That is a traffic shaping (also known a throttling) script.
It appears to take 3 arguments. The interface, the receive limits and the transmit limits.
This first part just deletes everything:
tc qdisc del dev $1 root
tc qdisc del dev $1 ingress
tc qdisc del dev ifb0 root
As you can see the first parameter ($1) is the device interface, for example it could be the wifi interface. It also resets interface ifb0 which is an alternative to tc filters for handling ingress traffic, by redirecting it to a virtual (ifb0) interface and treat is as egress traffic there.

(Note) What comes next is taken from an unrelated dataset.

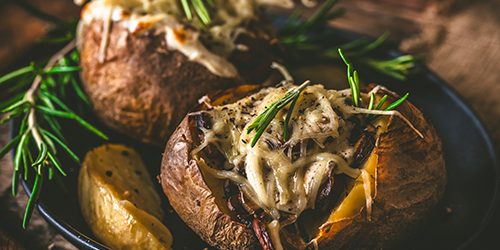 Baked potatoes with mushrooms, sour cream and cheese on a rustic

The idea is that you can shape egress traffic but not ingress traffic, thereby if you can make all traffic egress then you can shape it.
This line creates a scheduler (qdisc) for the traffic on the interface supplied in paramter $1:
tc qdisc add dev $1 root handle 1: htb default 1 r2q 1000
here you define a class to which a rule is applied (in this case a rate of parameter $3, which is egress in kilobits):
tc class add dev $1 parent 1: classid 1:1 htb rate $3kbit
here you create another scheduler for the virtual interface and a class with a rule defining a rate of parameter $2, which is ingress, in kilobits:
tc qdisc add dev ifb0 root handle 1: htb default 1 r2q 1000
tc class add dev ifb0 parent 1: classid 1:1 htb rate $2kbit
Full info of components of Linux Traffic Control can be found here.
UPDATE: by the way, in a regular linux box you can see the status of the traffic shaping queues by using tc -s. For example you could try to issue the following commands in your phone and they should work too:
tc -s qdisc ls dev ifb0
tc -s class ls dev ifb0
That will display an abundance of information regarding the traffic shaping being performed.